__Task prompt__
Give a verbatim copy of the data, leaving the pictures out.
(Collected data begins)
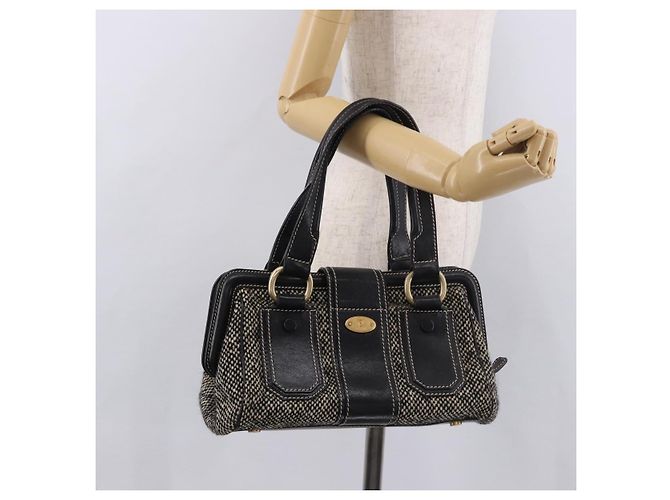Céline CELINE Hand Bag Canvas Leather Black Gold - vista 24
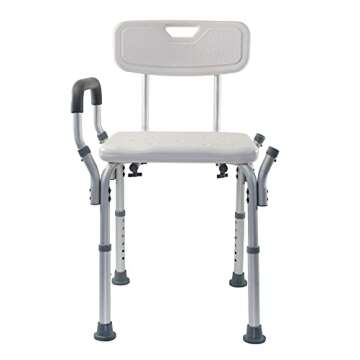 Essential Medical Supply Height Adjustable Shower and Bath Bench with Padded Arms, Contoured Back and Textured Shower Chair Seat - Perfect for The Bath and Shower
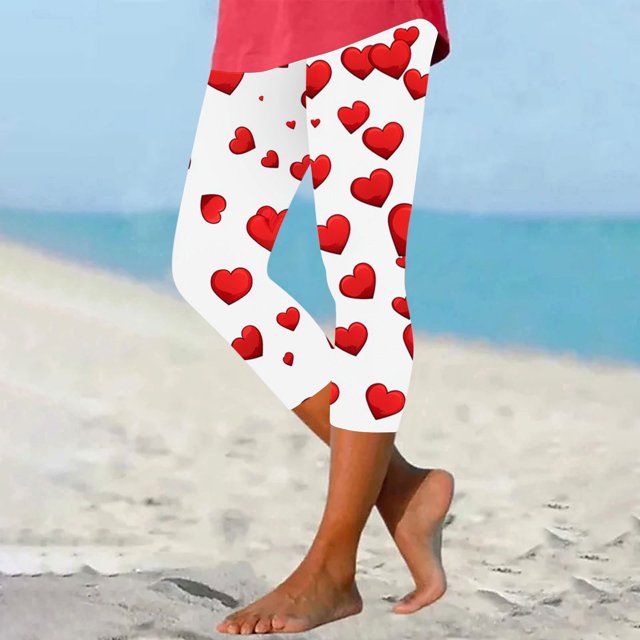 TaTaai Valentine's Day Printed Non-see-through Women High Waisted Yoga Leggings Stretchy Breathable Elastic Gym Workout Casual Daily Full Length Pants Gift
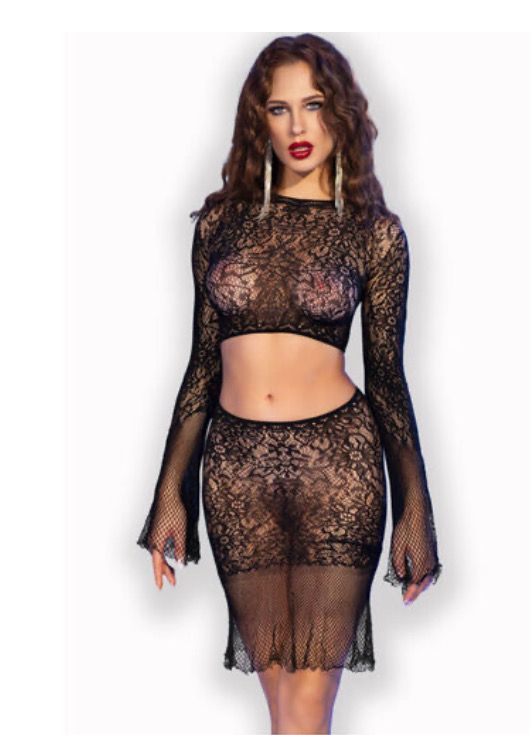 CHILIROSE - CR 4686 HAUT ET JUPE NOIR S/M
(Collected data ends)
__Expected answer__
Céline CELINE Hand Bag Canvas Leather Black Gold - vista 24
 Essential Medical Supply Height Adjustable Shower and Bath Bench with Padded Arms, Contoured Back and Textured Shower Chair Seat - Perfect for The Bath and Shower
 TaTaai Valentine's Day Printed Non-see-through Women High Waisted Yoga Leggings Stretchy Breathable Elastic Gym Workout Casual Daily Full Length Pants Gift
 CHILIROSE - CR 4686 HAUT ET JUPE NOIR S/M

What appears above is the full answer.